Ende Juli und in den ersten Augusttagen ernte ich gewohnheitsmäßig den Sommerhonig ab. Da hatte ich diesmal wirklich nicht viel Arbeit! Und was predige ich in Honigkursen? "Bloß nicht bei Regen ernten!" Na toll - es ging nicht anders!

Dieser (miese) Sommer geht in die Imkergeschichte ein!

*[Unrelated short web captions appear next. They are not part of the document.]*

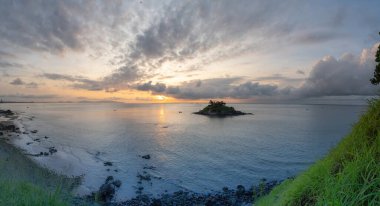 Hon Ba temple (Vietnamese language is Mieu Hon Ba) is a small pagoda in island in Vung Tau City, Vietnam. Beautiful cloudscape over the sea, sunrise shot. Background and travel concept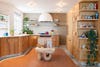 kitchen with sculptural wood island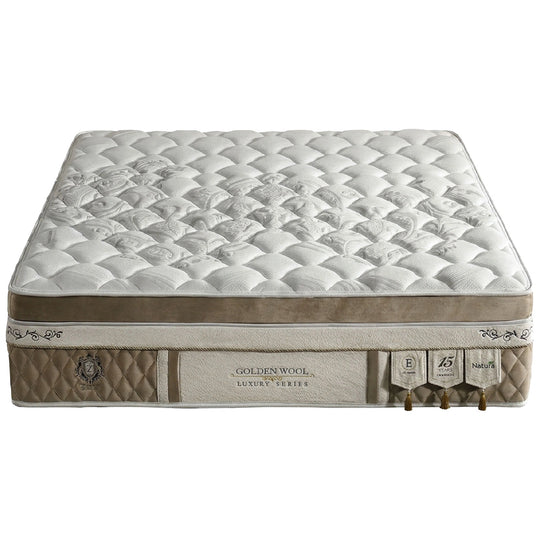 Mattress with 'Golden Wool' branding on a white background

Ich dachte an die Profis. Sollen die bei Regen Däumchen drehen? Das kann sich kein selbstständiger Imker erlauben. Da wartet man auf trockenes Wetter und die Varroen frohlocken! Nein! Na ja, dachte ich mir, der Honig ist eh zu nass, da kommt es auf den Nieselregen auch nicht mehr an. Das Refraktometer hat mich dann leider bestätigt - trotz eines Bautrockners, der während der Entdeckelung und Schleuderung neben mir steht. Nur gut, dass die Mehrheit meiner Kunden auf meine individuellen Etiketten auf dem Neutralglas bestehen. Zum Beispiel "Honig aus Datzeroth" im Wiedtal oder "Honig aus der Bunten Stadt am Rhein" von meinem Hausstandort in Linz. 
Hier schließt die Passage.